RFC: Python callback for Source File Resolution

rahulvn389 · December 8, 2024, 4:17am

Problem

LLDB currently does not support fetching source files from arbitrary source servers due to security concerns and debuginfod support for fetching source files is yet to be integrated. Users currently need to ensure the source file state matches with the debugging process built source state inorder to resolve the source files correctly and hit breakpoints during debugging.

Proposal

I’d like to propose a new feature to address this problem which is similar to python callback for custom module resolution.

A Python callback for Platform CallResolveSourceFileCallbackIfSet.

This new feature has negligible performance impact when not used.

When it is used, this Python callback will work as the implementation for getting source files from stack frame in LineEntry.cpp - ApplyFileMappings. The callback takes build id of module, original source file resolved by LLDB as input args and populates resolved source file spec. The method’s signature is as follows:

  void CallResolveSourceFileCallbackIfSet(const char* build_id, const FileSpec& original_source_file_spec, FileSpec &resolved_source_file_spec, bool *did_create_ptr);

If the callback fails, or something goes wrong, CallResolveSourceFileCallbackIfSet fallbacks to continue to use the LLDB implementation for getting source files. If the callback succeeds to return a source file path, CallResolveSourceFileCallbackIfSet will use it in the same way with the LLDB implementation.

This will unblock users to write their own source file caching system for LLDB and allows fetching from arbitrary source servers. Since the python callback is called from userland, LLDB does not need to deal with authentication from different source servers and not worry about security concerns exposing source code.

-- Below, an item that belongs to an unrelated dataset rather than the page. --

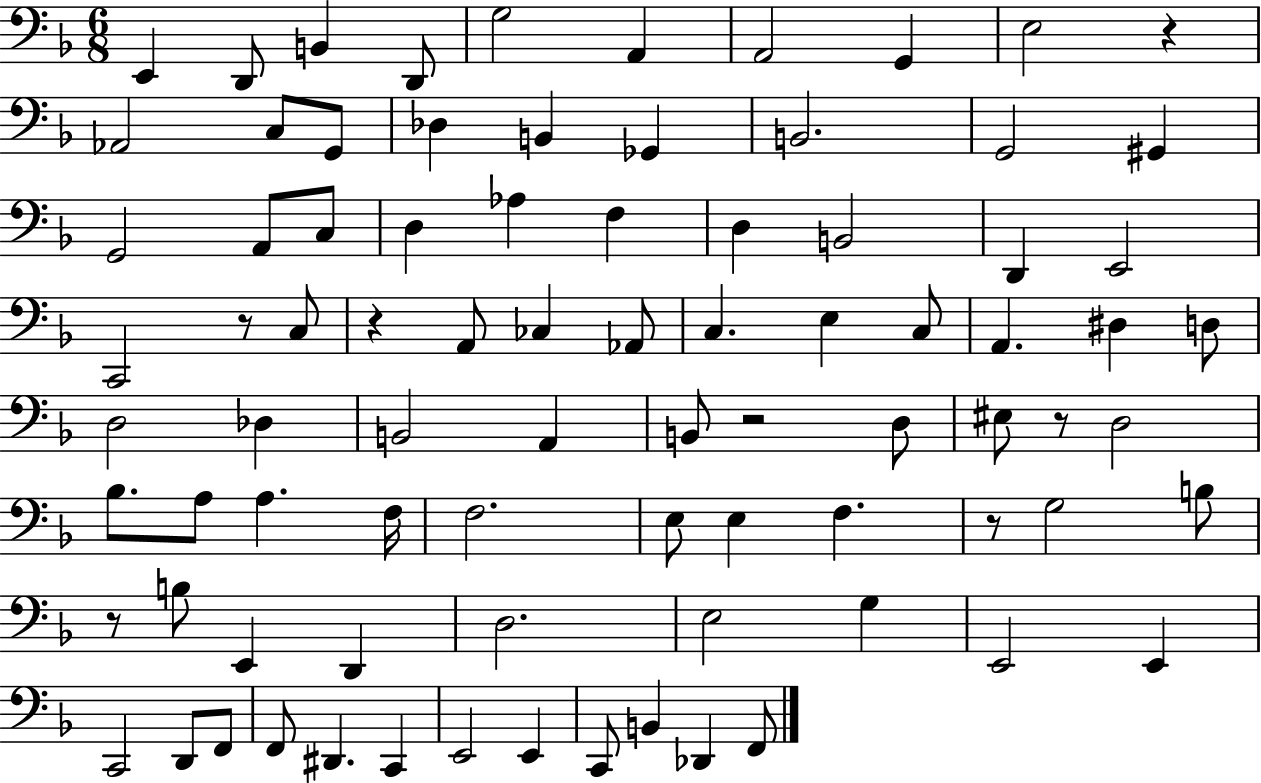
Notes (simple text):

E2/q D2/e B2/q D2/e G3/h A2/q A2/h G2/q E3/h R/q Ab2/h C3/e G2/e Db3/q B2/q Gb2/q B2/h. G2/h G#2/q G2/h A2/e C3/e D3/q Ab3/q F3/q D3/q B2/h D2/q E2/h C2/h R/e C3/e R/q A2/e CES3/q Ab2/e C3/q. E3/q C3/e A2/q. D#3/q D3/e D3/h Db3/q B2/h A2/q B2/e R/h D3/e EIS3/e R/e D3/h Bb3/e. A3/e A3/q. F3/s F3/h. E3/e E3/q F3/q. R/e G3/h B3/e R/e B3/e E2/q D2/q D3/h. E3/h G3/q E2/h E2/q C2/h D2/e F2/e F2/e D#2/q. C2/q E2/h E2/q C2/e B2/q Db2/q F2/e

Users will be able to use a new SBPlatform API to set the callback function.

Performance benefits

Currently, we are checking out an entire repo and/or checking out the source code commit corresponding to the built process even if we want to resolve a few source files for debugging. In my scenario, checking out the repo takes close to 10 minutes. This can be an overkill whereas fetching of source files on a pay-per-play basis should be very fast where fetching each file takes 1-2 seconds.

Draft Implementation

Commit

rahulvn389 · December 8, 2024, 10:40pm

@clayborg @splhack

labath · December 9, 2024, 4:59pm

I think this is an interesting feature, and we’d most likely start using it as soon as it is implemented. I have two questions about the implementation though:

should this really be a platform API? My thinking is that the file names come from the debug info, which are housed by the Module class, and while Platforms can help with finding modules, once they are created, the modules are very much independent. I don’t really have an alternative proposal here (however @bulbazord is getting ready to refactor the Platform class, so he might), I’d just like to hear what you think about this.
instead of the build-id, would it be possible to pass the callback an (SB)Module instead? My reasoning here is that if the callback wants to get the build id, it can always get it from the Module, but this way maybe it can get some additional information that wouldn’t be available otherwise. For example, a callback may not be able to provide files for every module, but it may not be able to tell from the build id (an opaque string) whether this is one of the supported modules. Or it may need the module file name (or something else) in order to locate the file.

rahulvn389 · December 9, 2024, 6:17pm

That makes sense as we can have ModuleSpec infer different properties such as the build_id. I can change it to pass a ModuleSpec

rahulvn389 · December 9, 2024, 6:47pm

Just a small correction, the API exposed to python is

SetResolveSourceFileCallback(const char* build_id, const FileSpec& original_source_file_spec, FileSpec &resolved_source_file_spec)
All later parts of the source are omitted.